Two and a half years after its launch as a modest cosmetics enterprise in Parika Market, Ganesh Fashions is, its twenty nine year-old Proprietrix Shondell Ragnauth says, just about ready to move to the ‘next level.’ Not that the enterprise is about to entirely abandon the base from which it has grown a market that now extends beyond the Region in which it got started; but according to Shondell, the enterprise is now sufficiently certain of its ability to compete on a bigger playing field.
Ganesh Fashions is about cosmetics and makeup and Shondell has now become sufficiently confident in her ability to trade on what has become a fiercely competitive urban market to have ventured into the clothing business and has moved to take advantage of what has become a widely popular on-line trading culture. More than that, she has made a decision to expand her enterprise into the capital. It is a move that points unerringly to a level of confidence in product supply arrangements that allow her to openly market her ability to supply high quality products products at up to 50% less than what other enterprises ask.
The Stabroek Business had first encountered Ganesh Fashions at the Giftland Mall a few weeks ago where her’s was one of fifty small businesses participating in local Fashion Designer Sonia Noel’s 50th birthday ‘expo.’ It was here that she had first told us about her passion for ‘a bigger stage,’ an urban market that had experienced a significant burst of growth in recent years.
Sustained growth, built around Ganesh Fashion’s use of on-line shopping to expand the range of its products whilst simultaneously growing its market into Georgetown has persuaded Shondell to explore the possibility of creating a permanent outlet in the capital. That, currently, is her one of her biggest priorities.

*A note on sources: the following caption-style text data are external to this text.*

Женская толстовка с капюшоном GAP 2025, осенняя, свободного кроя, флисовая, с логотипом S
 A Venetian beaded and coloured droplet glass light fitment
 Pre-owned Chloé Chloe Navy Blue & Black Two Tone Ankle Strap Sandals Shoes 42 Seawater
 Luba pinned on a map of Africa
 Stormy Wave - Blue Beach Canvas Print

So confident is Shondell in the competitiveness of her prices that she has moved to create a clientele in Georgetown and has been able to press her husband into service to support her in doing deliveries in the capital.
While her confidence in the competitiveness of her prices has persuaded her that establishing an outlet in Georgetown is ‘the right move’ at this time she is, she says, chastened by the costs associated with renting business premises in a capital where prices have become hinged to a transformed by a transformed commercial culture. What is clear however is that Shondell appears to have made up her mind to ‘take the plunge’……… so much so that she is currently awaiting a response to a loan application. If confidence has anything to do with Shondell moving forward she is almost certainly a candidate for considerable success.